**EXTRACTED MATERIAL:**
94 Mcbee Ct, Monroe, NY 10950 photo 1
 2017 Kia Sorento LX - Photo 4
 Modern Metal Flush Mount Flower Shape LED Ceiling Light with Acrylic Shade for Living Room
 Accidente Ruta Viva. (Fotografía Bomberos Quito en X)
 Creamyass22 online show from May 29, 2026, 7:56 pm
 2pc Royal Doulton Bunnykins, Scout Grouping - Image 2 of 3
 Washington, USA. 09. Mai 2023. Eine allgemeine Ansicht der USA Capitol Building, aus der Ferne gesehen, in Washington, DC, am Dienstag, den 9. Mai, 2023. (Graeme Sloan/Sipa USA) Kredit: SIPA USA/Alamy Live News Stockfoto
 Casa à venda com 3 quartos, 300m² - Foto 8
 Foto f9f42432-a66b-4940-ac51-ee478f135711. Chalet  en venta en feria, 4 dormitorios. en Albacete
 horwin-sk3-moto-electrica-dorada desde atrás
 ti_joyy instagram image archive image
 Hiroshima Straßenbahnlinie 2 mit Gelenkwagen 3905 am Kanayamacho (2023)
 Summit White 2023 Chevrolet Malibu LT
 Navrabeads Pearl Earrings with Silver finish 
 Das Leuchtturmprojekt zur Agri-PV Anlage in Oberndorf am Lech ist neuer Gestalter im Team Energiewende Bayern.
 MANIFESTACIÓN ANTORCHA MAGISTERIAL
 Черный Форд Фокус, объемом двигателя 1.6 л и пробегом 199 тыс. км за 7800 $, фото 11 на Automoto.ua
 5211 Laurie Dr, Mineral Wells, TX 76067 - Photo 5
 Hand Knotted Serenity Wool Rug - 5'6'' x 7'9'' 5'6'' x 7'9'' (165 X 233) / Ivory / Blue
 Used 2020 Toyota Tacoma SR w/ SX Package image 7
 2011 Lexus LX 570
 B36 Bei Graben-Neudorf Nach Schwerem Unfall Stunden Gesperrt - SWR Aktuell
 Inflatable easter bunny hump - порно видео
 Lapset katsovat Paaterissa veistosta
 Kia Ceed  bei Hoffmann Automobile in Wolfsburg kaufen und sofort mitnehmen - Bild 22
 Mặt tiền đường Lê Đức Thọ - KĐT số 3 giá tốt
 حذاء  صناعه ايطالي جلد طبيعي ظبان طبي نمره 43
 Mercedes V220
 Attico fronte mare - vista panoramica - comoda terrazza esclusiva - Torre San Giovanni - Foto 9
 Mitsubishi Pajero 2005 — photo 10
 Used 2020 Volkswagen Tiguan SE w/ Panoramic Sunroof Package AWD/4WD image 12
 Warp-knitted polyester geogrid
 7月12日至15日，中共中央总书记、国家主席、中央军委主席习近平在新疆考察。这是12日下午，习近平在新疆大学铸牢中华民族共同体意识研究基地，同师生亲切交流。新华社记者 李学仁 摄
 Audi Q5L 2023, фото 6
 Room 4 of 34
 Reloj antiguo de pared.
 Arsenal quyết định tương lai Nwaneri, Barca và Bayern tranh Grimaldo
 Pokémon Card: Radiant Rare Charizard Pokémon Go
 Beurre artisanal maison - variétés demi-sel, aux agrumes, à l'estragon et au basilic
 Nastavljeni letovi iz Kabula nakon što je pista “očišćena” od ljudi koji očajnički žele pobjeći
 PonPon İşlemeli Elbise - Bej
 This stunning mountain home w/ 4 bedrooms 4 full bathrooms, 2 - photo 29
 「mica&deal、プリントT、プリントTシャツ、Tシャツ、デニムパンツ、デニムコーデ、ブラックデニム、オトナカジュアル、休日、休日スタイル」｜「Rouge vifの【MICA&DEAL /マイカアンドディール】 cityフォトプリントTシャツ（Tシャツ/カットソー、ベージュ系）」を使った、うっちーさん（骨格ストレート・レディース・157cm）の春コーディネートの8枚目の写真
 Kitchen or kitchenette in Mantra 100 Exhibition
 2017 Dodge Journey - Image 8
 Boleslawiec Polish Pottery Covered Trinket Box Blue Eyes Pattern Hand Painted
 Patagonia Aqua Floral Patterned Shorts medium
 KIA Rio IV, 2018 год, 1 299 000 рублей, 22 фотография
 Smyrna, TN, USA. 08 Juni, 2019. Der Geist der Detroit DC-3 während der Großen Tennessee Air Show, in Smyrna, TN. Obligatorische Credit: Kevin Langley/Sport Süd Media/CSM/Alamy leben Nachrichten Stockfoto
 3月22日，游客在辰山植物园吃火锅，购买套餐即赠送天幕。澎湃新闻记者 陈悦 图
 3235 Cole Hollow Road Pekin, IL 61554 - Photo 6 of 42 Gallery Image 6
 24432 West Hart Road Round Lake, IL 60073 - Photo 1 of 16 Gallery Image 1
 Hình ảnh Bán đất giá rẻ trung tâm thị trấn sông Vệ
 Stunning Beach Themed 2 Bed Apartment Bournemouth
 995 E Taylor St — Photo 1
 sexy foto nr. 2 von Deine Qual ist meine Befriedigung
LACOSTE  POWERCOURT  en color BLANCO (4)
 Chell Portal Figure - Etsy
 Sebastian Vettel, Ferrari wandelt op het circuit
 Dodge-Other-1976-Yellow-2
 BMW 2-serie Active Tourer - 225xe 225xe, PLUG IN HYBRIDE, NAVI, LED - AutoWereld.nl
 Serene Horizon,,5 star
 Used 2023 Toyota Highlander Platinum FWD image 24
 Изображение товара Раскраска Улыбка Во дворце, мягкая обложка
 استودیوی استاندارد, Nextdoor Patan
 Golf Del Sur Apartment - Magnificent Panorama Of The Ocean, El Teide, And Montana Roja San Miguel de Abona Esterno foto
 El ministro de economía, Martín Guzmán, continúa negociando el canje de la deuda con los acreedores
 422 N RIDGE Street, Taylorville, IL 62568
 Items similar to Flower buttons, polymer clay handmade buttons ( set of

**TASK:** Output the full listing above word for word.

**RESPONSE BELOW:**
94 Mcbee Ct, Monroe, NY 10950 photo 1
 2017 Kia Sorento LX - Photo 4
 Modern Metal Flush Mount Flower Shape LED Ceiling Light with Acrylic Shade for Living Room
 Accidente Ruta Viva. (Fotografía Bomberos Quito en X)
 Creamyass22 online show from May 29, 2026, 7:56 pm
 2pc Royal Doulton Bunnykins, Scout Grouping - Image 2 of 3
 Washington, USA. 09. Mai 2023. Eine allgemeine Ansicht der USA Capitol Building, aus der Ferne gesehen, in Washington, DC, am Dienstag, den 9. Mai, 2023. (Graeme Sloan/Sipa USA) Kredit: SIPA USA/Alamy Live News Stockfoto
 Casa à venda com 3 quartos, 300m² - Foto 8
 Foto f9f42432-a66b-4940-ac51-ee478f135711. Chalet  en venta en feria, 4 dormitorios. en Albacete
 horwin-sk3-moto-electrica-dorada desde atrás
 ti_joyy instagram image archive image
 Hiroshima Straßenbahnlinie 2 mit Gelenkwagen 3905 am Kanayamacho (2023)
 Summit White 2023 Chevrolet Malibu LT
 Navrabeads Pearl Earrings with Silver finish 
 Das Leuchtturmprojekt zur Agri-PV Anlage in Oberndorf am Lech ist neuer Gestalter im Team Energiewende Bayern.
 MANIFESTACIÓN ANTORCHA MAGISTERIAL
 Черный Форд Фокус, объемом двигателя 1.6 л и пробегом 199 тыс. км за 7800 $, фото 11 на Automoto.ua
 5211 Laurie Dr, Mineral Wells, TX 76067 - Photo 5
 Hand Knotted Serenity Wool Rug - 5'6'' x 7'9'' 5'6'' x 7'9'' (165 X 233) / Ivory / Blue
 Used 2020 Toyota Tacoma SR w/ SX Package image 7
 2011 Lexus LX 570
 B36 Bei Graben-Neudorf Nach Schwerem Unfall Stunden Gesperrt - SWR Aktuell
 Inflatable easter bunny hump - порно видео
 Lapset katsovat Paaterissa veistosta
 Kia Ceed  bei Hoffmann Automobile in Wolfsburg kaufen und sofort mitnehmen - Bild 22
 Mặt tiền đường Lê Đức Thọ - KĐT số 3 giá tốt
 حذاء  صناعه ايطالي جلد طبيعي ظبان طبي نمره 43
 Mercedes V220
 Attico fronte mare - vista panoramica - comoda terrazza esclusiva - Torre San Giovanni - Foto 9
 Mitsubishi Pajero 2005 — photo 10
 Used 2020 Volkswagen Tiguan SE w/ Panoramic Sunroof Package AWD/4WD image 12
 Warp-knitted polyester geogrid
 7月12日至15日，中共中央总书记、国家主席、中央军委主席习近平在新疆考察。这是12日下午，习近平在新疆大学铸牢中华民族共同体意识研究基地，同师生亲切交流。新华社记者 李学仁 摄
 Audi Q5L 2023, фото 6
 Room 4 of 34
 Reloj antiguo de pared.
 Arsenal quyết định tương lai Nwaneri, Barca và Bayern tranh Grimaldo
 Pokémon Card: Radiant Rare Charizard Pokémon Go
 Beurre artisanal maison - variétés demi-sel, aux agrumes, à l'estragon et au basilic
 Nastavljeni letovi iz Kabula nakon što je pista “očišćena” od ljudi koji očajnički žele pobjeći
 PonPon İşlemeli Elbise - Bej
 This stunning mountain home w/ 4 bedrooms 4 full bathrooms, 2 - photo 29
 「mica&deal、プリントT、プリントTシャツ、Tシャツ、デニムパンツ、デニムコーデ、ブラックデニム、オトナカジュアル、休日、休日スタイル」｜「Rouge vifの【MICA&DEAL /マイカアンドディール】 cityフォトプリントTシャツ（Tシャツ/カットソー、ベージュ系）」を使った、うっちーさん（骨格ストレート・レディース・157cm）の春コーディネートの8枚目の写真
 Kitchen or kitchenette in Mantra 100 Exhibition
 2017 Dodge Journey - Image 8
 Boleslawiec Polish Pottery Covered Trinket Box Blue Eyes Pattern Hand Painted
 Patagonia Aqua Floral Patterned Shorts medium
 KIA Rio IV, 2018 год, 1 299 000 рублей, 22 фотография
 Smyrna, TN, USA. 08 Juni, 2019. Der Geist der Detroit DC-3 während der Großen Tennessee Air Show, in Smyrna, TN. Obligatorische Credit: Kevin Langley/Sport Süd Media/CSM/Alamy leben Nachrichten Stockfoto
 3月22日，游客在辰山植物园吃火锅，购买套餐即赠送天幕。澎湃新闻记者 陈悦 图
 3235 Cole Hollow Road Pekin, IL 61554 - Photo 6 of 42 Gallery Image 6
 24432 West Hart Road Round Lake, IL 60073 - Photo 1 of 16 Gallery Image 1
 Hình ảnh Bán đất giá rẻ trung tâm thị trấn sông Vệ
 Stunning Beach Themed 2 Bed Apartment Bournemouth
 995 E Taylor St — Photo 1
 sexy foto nr. 2 von Deine Qual ist meine Befriedigung
LACOSTE  POWERCOURT  en color BLANCO (4)
 Chell Portal Figure - Etsy
 Sebastian Vettel, Ferrari wandelt op het circuit
 Dodge-Other-1976-Yellow-2
 BMW 2-serie Active Tourer - 225xe 225xe, PLUG IN HYBRIDE, NAVI, LED - AutoWereld.nl
 Serene Horizon,,5 star
 Used 2023 Toyota Highlander Platinum FWD image 24
 Изображение товара Раскраска Улыбка Во дворце, мягкая обложка
 استودیوی استاندارد, Nextdoor Patan
 Golf Del Sur Apartment - Magnificent Panorama Of The Ocean, El Teide, And Montana Roja San Miguel de Abona Esterno foto
 El ministro de economía, Martín Guzmán, continúa negociando el canje de la deuda con los acreedores
 422 N RIDGE Street, Taylorville, IL 62568
 Items similar to Flower buttons, polymer clay handmade buttons ( set of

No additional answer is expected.